By Richard Larsen
Usually when a new statute or ordinance is created at the state or local level, it’s in response to a problem that needs correction. Such is not the case with the “anti-discrimination” ordinances being considered by several states and municipalities across the nation. As such, they are agenda-driven ordinances which solve nothing, but by the law of unintended consequences, can open a veritable Pandora’s box of legal and social problems.
These ordinances seek “to prohibit discriminatory acts in housing, employment and public accommodations based upon sexual orientation and gender identity/expression.”
Proponents of such ordinances and statutes claim they will “guarantee the safety for everyone living in the community.” There are, in fact, many state, federal and local laws on the books that seek to ensure residents’ safety; none can guarantee it, as evidenced by the police logs which are rife with infractions against the safety of others. Much like so-called “hate crime” laws, these ordinance single out a specific classification of people, granting them extraordinary legal protection beyond that afforded all other citizens.
There is no valid statistical information cataloguing discrimination based on sexual orientation, to my knowledge. All information currently available is anecdotal, at best.
In the absence of empirically verifiable data, we must look for an alternative motive behind the proponents of such laws. We need look no further than the plethora of websites advancing the radical LGBT (lesbian, gay, bisexual, transgender) agenda.
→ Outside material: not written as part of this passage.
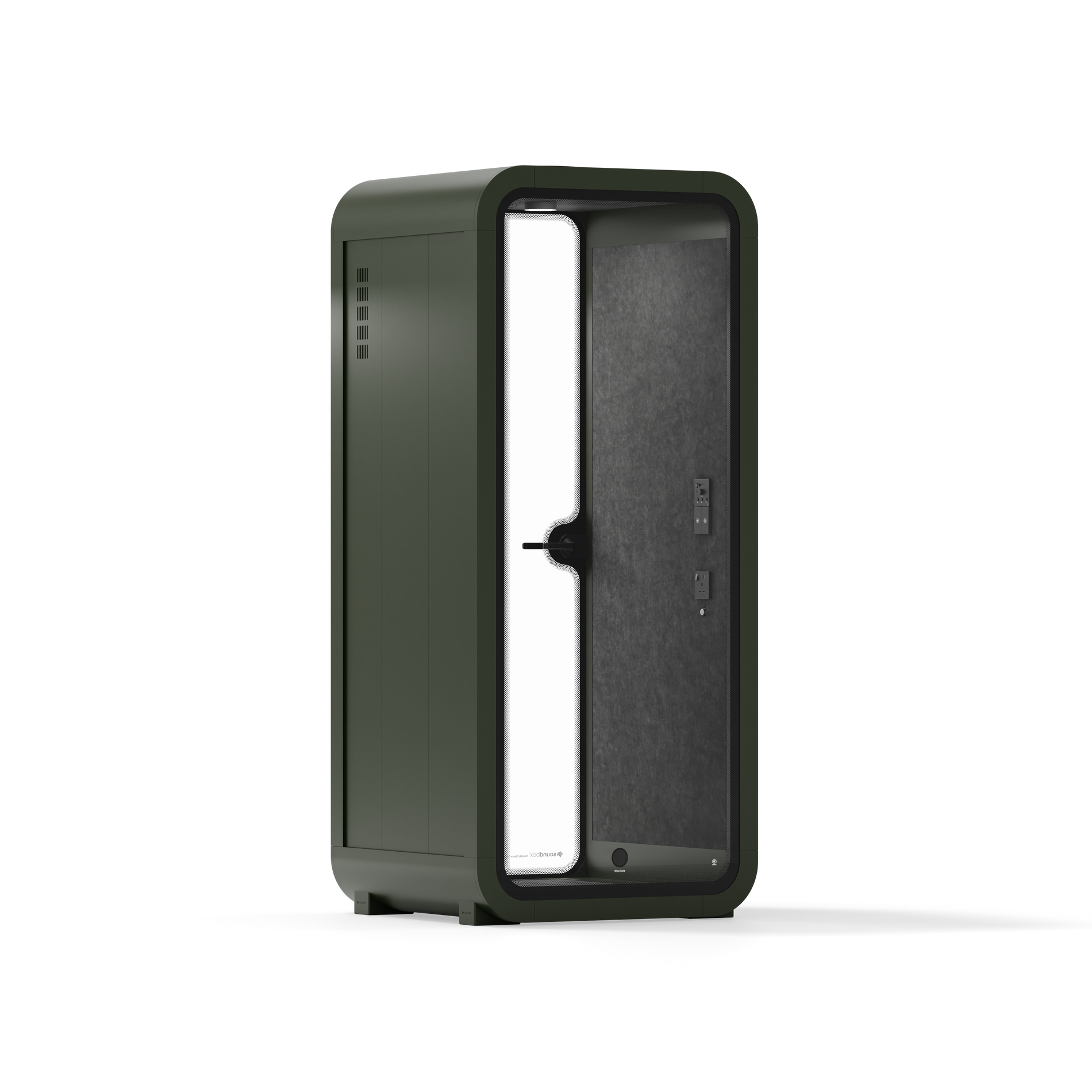 Office Pod Quell FlexGreen / Dark Grey / No Furniture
The agenda is well defined by their own advocates. Jeff Levi proudly proclaims, “We are no longer seeking just a right to privacy and a protection from wrong. We also have a right to see government and society affirm our lives.” That they seek public affirmation speaks volumes about how they view themselves and their lifestyle.
Gay rights activists Marshall Kirk and Hunter Madsen outlined a six-point plan in their book After the Ball, referred to by activists as “a gay manifesto,” which laid out the agenda for how the beliefs and attitudes of ordinary Americans could be transformed to affirm the lifestyle. As they stated, “The agenda of homosexual activists is basically to change America from what they perceive as looking down on homosexual behavior, to the affirmation of and societal acceptance of homosexual behavior.” They described how the movement should use “propagandistic advertising to depict all opponents of the gay movement as homophobic bigots who are ‘not Christian’ and the propaganda can further show them [homosexuals] as being discriminated against, hated and shunned.”
Recent polls indicate a growing level of acceptance of homosexuality as a lifestyle. These data provide empirical evidence which invalidates the movement’s premise; that they’re discriminated against by public opinion. But the problem is in the agenda of those who promote the lifestyle, and seek extraordinary protection, and redefinition and alteration of fundamental social conventions and institutions to affirm the lifestyle of 3% of the population.